Prier et s'opposer à la pornographie, une "pensée extrémiste" 

Le document final - qui n'est pas classé confidentiel, mais est rarement accessible en dehors des cercles gouvernementaux chinois - est tiré d'une affaire judiciaire datant de 2018. L’affaire a eu lieu au parquet populaire du comté de Qakilik, dans le sud du Xinjiang. Ce document détaille, en langue ouïghoure, les allégations contre un homme ouïghour détenu en août 2017 et officiellement arrêté le mois suivant pour "incitation à la pensée extrémiste". Huit mois plus tard, il a été inculpé pour "incitation à la haine ethnique et à la discrimination ethnique".  
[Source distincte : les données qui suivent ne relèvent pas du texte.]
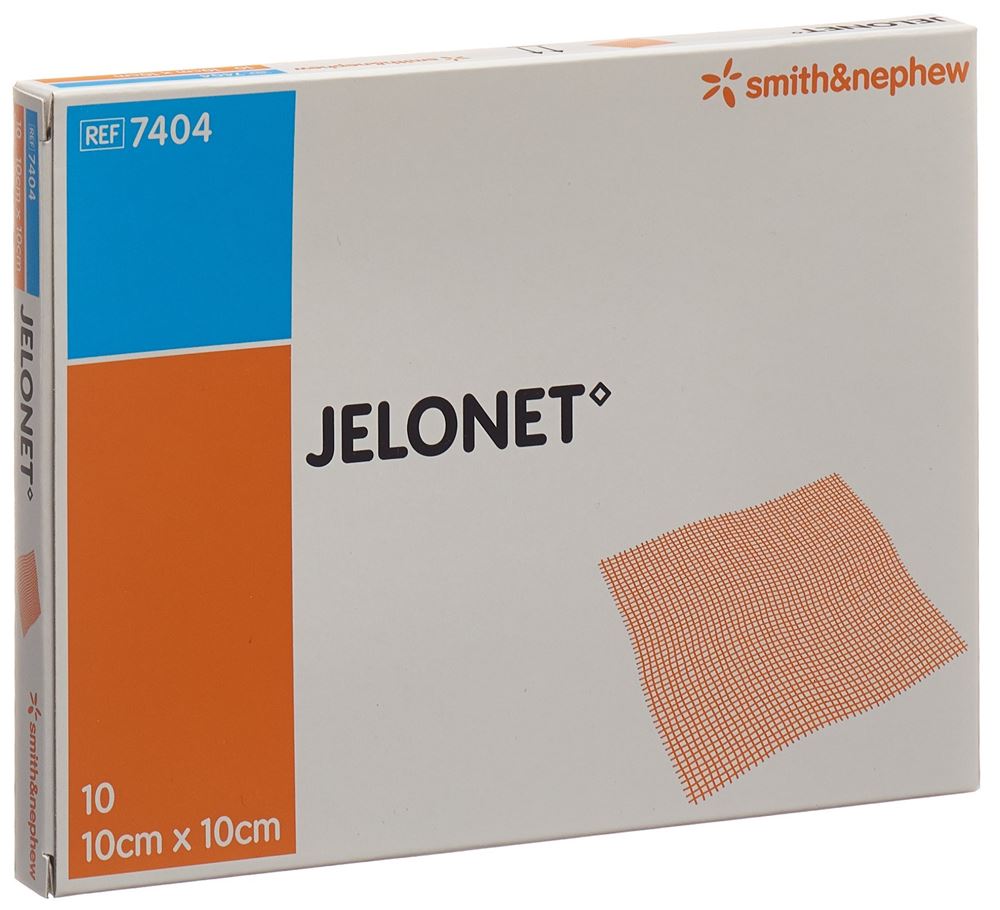 Jelonet Paraffingaze 10cmx10cm steril 10 Stk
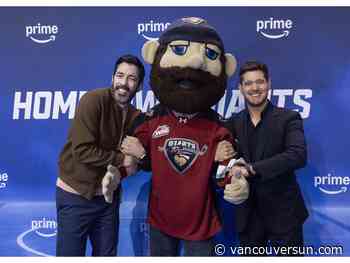 Michael Bublé and Property Brothers' Drew Scott in Langley to launch hockey reality series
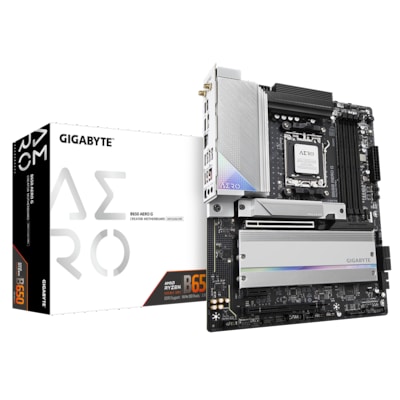 GIGABYTE B650 AERO G ATX Mainboard Sockel AM5 HDMI/DP/USB-C/WIFI6E/BT von Gigabyte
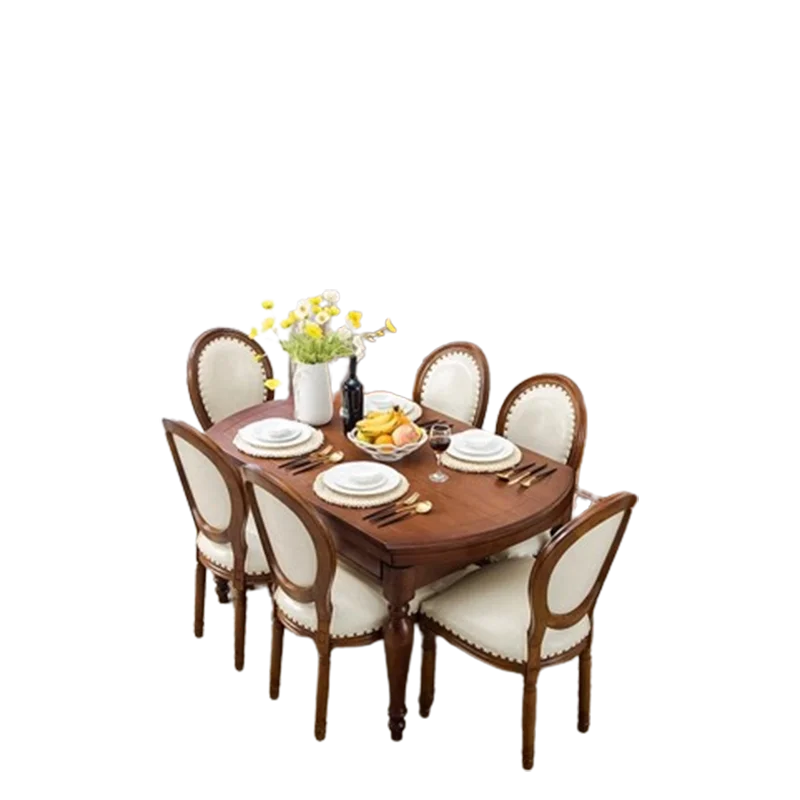 Waterproof Oilproof Dining Table Oval Wooden Nordic 4 Chairs Tables Restaurant Modern Rectangular Mesas De Jantar Home Furniture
L'affaire donne un aperçu de la manière dont le système judiciaire chinois a criminalisé les expressions courantes de la foi islamique. L’homme a ainsi demandé à ses collègues d'éviter la pornographie, de prier et de ne pas fréquenter celles et ceux qui ne prient pas, y compris les "kafirs chinois Han" (ndlr  ‘infidèle’ ou ‘non-croyant·e’). Les témoins des infractions présumées étaient des collègues de travail, avec des noms ouïghour·es, avec qui il avait parlé.

Le document du tribunal indique que l'avocat de l'accusé a demandé l'indulgence du tribunal, déclarant qu'il s'agissait de la première infraction de l'homme et qu'en raison de son "faible niveau de connaissance juridique et d'éducation, il était facilement susceptible d'être mal conseillé et de commettre des crimes".

Il a été condamné à 10 ans de prison.